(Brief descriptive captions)
┄┄┄┄┄┄┄┄┄┄┄┄┄┄┄┄┄┄┄┄

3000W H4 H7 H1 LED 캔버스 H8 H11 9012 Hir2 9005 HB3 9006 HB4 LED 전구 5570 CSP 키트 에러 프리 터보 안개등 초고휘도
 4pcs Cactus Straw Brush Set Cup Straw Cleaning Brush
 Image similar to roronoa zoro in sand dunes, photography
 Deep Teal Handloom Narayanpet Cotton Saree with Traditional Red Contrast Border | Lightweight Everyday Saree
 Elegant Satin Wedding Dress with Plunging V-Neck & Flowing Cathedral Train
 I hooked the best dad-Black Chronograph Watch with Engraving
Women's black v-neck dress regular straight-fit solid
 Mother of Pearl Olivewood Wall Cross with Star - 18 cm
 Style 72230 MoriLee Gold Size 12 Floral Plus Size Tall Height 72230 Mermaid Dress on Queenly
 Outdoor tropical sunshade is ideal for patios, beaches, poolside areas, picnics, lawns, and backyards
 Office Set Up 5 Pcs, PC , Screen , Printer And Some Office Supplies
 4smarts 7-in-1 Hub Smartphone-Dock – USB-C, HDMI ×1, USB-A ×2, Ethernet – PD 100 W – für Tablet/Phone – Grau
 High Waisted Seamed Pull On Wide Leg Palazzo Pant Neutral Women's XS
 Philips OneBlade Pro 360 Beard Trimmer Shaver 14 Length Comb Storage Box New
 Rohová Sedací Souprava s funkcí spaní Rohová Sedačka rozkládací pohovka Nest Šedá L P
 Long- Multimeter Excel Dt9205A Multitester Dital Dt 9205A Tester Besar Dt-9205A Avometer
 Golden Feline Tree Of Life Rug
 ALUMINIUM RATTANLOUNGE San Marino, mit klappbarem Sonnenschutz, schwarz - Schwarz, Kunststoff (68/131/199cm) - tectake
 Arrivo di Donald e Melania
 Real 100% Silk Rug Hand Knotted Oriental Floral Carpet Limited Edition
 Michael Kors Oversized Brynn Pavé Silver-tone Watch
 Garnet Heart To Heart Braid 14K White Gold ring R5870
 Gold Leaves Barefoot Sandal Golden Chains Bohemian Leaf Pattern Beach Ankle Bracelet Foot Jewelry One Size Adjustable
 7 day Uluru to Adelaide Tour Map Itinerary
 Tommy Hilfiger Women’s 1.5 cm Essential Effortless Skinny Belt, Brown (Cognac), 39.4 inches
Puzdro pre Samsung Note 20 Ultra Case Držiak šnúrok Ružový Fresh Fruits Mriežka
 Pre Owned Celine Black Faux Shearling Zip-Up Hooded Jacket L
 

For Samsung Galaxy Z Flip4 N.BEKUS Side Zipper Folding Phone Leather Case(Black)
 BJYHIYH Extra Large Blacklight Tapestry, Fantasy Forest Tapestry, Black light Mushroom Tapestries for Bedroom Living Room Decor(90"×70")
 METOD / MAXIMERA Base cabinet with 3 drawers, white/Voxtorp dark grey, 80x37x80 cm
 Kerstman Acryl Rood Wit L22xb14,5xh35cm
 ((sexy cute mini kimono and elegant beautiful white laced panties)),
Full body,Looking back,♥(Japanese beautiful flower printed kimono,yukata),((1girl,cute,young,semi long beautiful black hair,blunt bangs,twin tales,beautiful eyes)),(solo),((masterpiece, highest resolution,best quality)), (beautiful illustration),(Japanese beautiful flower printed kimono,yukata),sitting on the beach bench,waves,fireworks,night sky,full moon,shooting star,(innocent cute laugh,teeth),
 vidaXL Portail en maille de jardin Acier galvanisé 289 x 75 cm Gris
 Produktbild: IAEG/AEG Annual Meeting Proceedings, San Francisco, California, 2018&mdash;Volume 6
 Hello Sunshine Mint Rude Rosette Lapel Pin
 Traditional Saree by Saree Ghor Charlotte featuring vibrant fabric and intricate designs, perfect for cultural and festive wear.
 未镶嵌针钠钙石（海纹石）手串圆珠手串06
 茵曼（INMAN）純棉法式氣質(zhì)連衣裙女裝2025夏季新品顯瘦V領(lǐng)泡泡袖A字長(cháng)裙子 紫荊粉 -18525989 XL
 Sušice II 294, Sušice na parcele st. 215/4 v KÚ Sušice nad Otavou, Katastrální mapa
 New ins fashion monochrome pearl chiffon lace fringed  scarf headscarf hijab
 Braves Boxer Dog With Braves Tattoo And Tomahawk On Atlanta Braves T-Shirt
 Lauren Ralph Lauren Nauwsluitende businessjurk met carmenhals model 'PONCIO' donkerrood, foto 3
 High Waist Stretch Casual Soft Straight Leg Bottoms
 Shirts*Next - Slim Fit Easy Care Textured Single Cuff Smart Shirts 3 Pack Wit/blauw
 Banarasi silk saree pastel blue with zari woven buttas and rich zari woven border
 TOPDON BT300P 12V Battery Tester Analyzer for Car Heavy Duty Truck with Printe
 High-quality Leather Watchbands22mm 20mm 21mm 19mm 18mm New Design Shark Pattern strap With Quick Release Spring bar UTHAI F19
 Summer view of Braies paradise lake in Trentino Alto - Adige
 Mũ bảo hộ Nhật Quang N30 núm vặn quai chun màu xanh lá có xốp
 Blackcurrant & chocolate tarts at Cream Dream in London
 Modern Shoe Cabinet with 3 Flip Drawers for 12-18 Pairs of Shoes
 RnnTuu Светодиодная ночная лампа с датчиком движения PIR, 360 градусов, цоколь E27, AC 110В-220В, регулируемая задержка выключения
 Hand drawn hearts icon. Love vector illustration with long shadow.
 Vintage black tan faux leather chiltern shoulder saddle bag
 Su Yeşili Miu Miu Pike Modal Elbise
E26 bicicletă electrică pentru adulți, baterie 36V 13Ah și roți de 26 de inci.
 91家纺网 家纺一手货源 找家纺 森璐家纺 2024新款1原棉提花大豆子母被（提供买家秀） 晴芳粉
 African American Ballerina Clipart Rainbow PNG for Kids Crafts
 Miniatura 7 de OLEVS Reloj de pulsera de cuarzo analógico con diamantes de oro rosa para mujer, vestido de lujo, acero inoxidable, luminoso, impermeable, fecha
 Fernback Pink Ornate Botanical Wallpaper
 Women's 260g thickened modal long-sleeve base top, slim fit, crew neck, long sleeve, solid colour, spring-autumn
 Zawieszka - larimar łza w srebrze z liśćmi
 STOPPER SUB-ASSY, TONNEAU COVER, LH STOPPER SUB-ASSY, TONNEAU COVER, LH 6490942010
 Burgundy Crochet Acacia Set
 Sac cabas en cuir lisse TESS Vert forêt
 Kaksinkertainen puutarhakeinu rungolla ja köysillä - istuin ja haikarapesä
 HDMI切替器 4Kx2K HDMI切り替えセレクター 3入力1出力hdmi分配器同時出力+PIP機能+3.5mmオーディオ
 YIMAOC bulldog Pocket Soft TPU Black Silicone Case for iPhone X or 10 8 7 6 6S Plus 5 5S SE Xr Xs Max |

┄┄┄┄┄┄┄┄┄┄┄┄┄┄┄┄┄┄┄┄

> _Your task_: Exactly as written, please transcribe the lines from the start of the records above to the line that holds "Golden Feline Tree Of Life Rug", both ends included.

> _Answer box_:
3000W H4 H7 H1 LED 캔버스 H8 H11 9012 Hir2 9005 HB3 9006 HB4 LED 전구 5570 CSP 키트 에러 프리 터보 안개등 초고휘도
 4pcs Cactus Straw Brush Set Cup Straw Cleaning Brush
 Image similar to roronoa zoro in sand dunes, photography
 Deep Teal Handloom Narayanpet Cotton Saree with Traditional Red Contrast Border | Lightweight Everyday Saree
 Elegant Satin Wedding Dress with Plunging V-Neck & Flowing Cathedral Train
 I hooked the best dad-Black Chronograph Watch with Engraving
Women's black v-neck dress regular straight-fit solid
 Mother of Pearl Olivewood Wall Cross with Star - 18 cm
 Style 72230 MoriLee Gold Size 12 Floral Plus Size Tall Height 72230 Mermaid Dress on Queenly
 Outdoor tropical sunshade is ideal for patios, beaches, poolside areas, picnics, lawns, and backyards
 Office Set Up 5 Pcs, PC , Screen , Printer And Some Office Supplies
 4smarts 7-in-1 Hub Smartphone-Dock – USB-C, HDMI ×1, USB-A ×2, Ethernet – PD 100 W – für Tablet/Phone – Grau
 High Waisted Seamed Pull On Wide Leg Palazzo Pant Neutral Women's XS
 Philips OneBlade Pro 360 Beard Trimmer Shaver 14 Length Comb Storage Box New
 Rohová Sedací Souprava s funkcí spaní Rohová Sedačka rozkládací pohovka Nest Šedá L P
 Long- Multimeter Excel Dt9205A Multitester Dital Dt 9205A Tester Besar Dt-9205A Avometer
 Golden Feline Tree Of Life Rug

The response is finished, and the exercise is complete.